TEHRAN - Iran's Supreme Leader Ayatollah Ali Khamenei on Friday demanded an end to street protests that have shaken the country since the disputed presidential election a week ago and said any bloodshed would be their leaders' fault.

(Editors' note: Reuters and other foreign media are subject to Iranian restrictions on their ability to report, film or take pictures in Tehran.)

He defended Mahmoud Ahmadinejad as the rightful winner of the vote and denied any possibility that it had been rigged, as Ahmadinejad's opponents have alleged.

If there is any bloodshed, leaders of the protests will be held directly responsible, Khamenei said in his first address to the nation since the upheaval began.

The result of the election comes from the ballot box, not from the street, the white-bearded cleric told huge crowds thronging Tehran University and surrounding streets for Friday prayers. Today the Iranian nation needs calm.

Supporters of runner-up Mirhossein Mousavi have called another rally on Saturday. If they proceed in defiance of Khamenei's explicit warning, they risk a severe response from security forces, which have so far not tried to prevent mass demonstrations.

State media have reported seven or eight people killed in protests since the election results were published on June 13. Scores of reformists have been arrested and authorities have cracked down on foreign and domestic media.

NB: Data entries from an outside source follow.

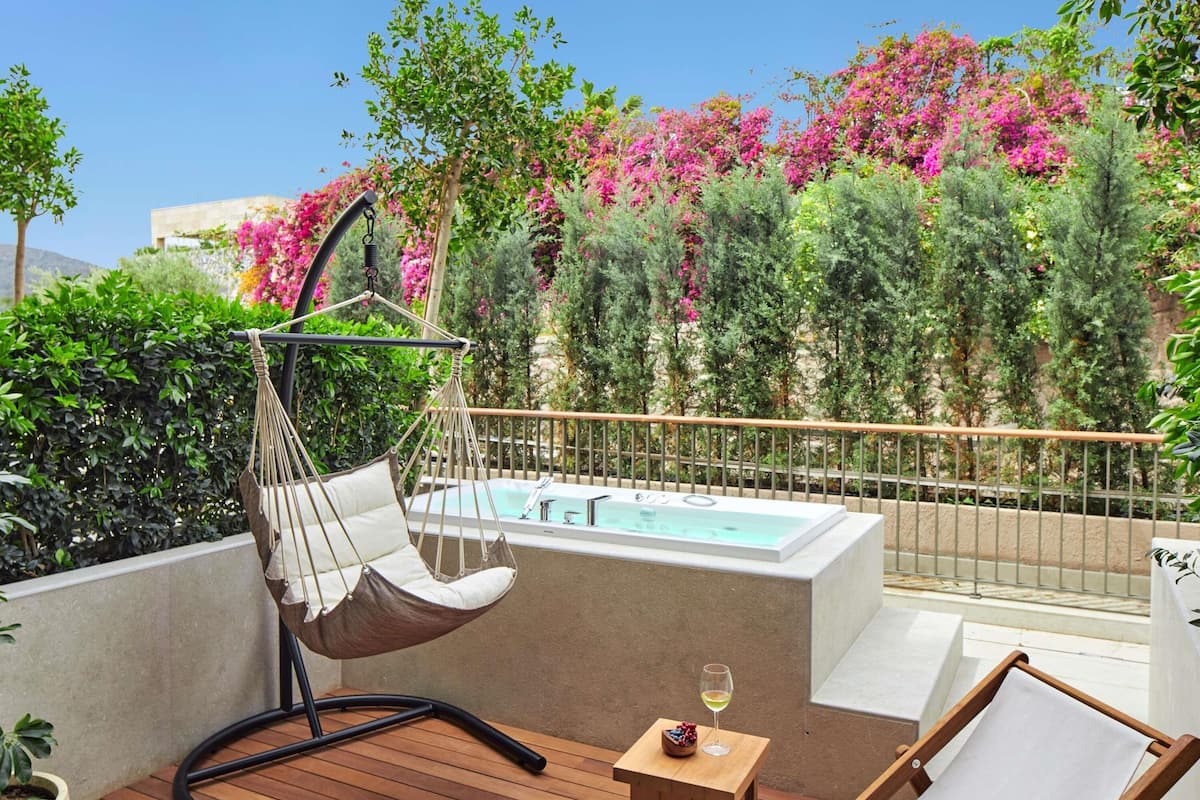 Um deck de madeira com uma cadeira suspensa, uma mesa pequena com uma taça de vinho, e vista para uma piscina e vegetação exuberante.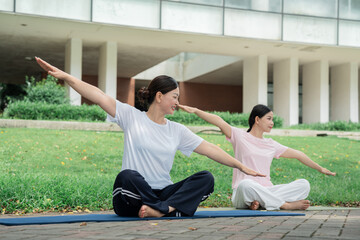 Two women practice yoga in a park stretching their arms wide for a balanced pose outdoors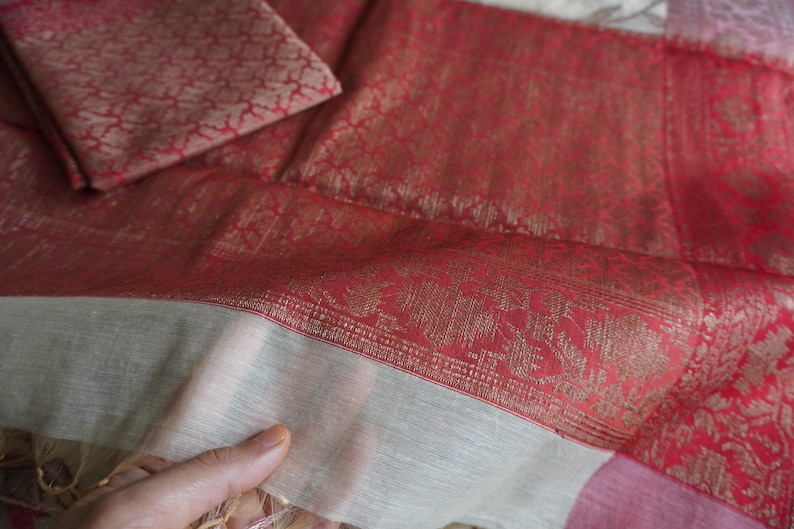May include: Close-up of a red and gold patterned textile with a matching square piece. The fabric has a detailed floral design and a contrasting white border. The textile is folded, showing its texture and color variations.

Mousavi has called for the annulment of the election result, which showed he won 34 percent of the votes to Ahmadinejad's tally of nearly 63 percent.

Iran's top legislative body, the Guardian Council, is considering complaints by the three losing candidates, but has said only that it will recount some disputed ballot boxes.

Khamenei said any election complaints should be raised through legal channels.

I will not succumb to illegal innovation, he said, in an apparent reference to the most widespread street protests in the Islamic Republic's 30-year history.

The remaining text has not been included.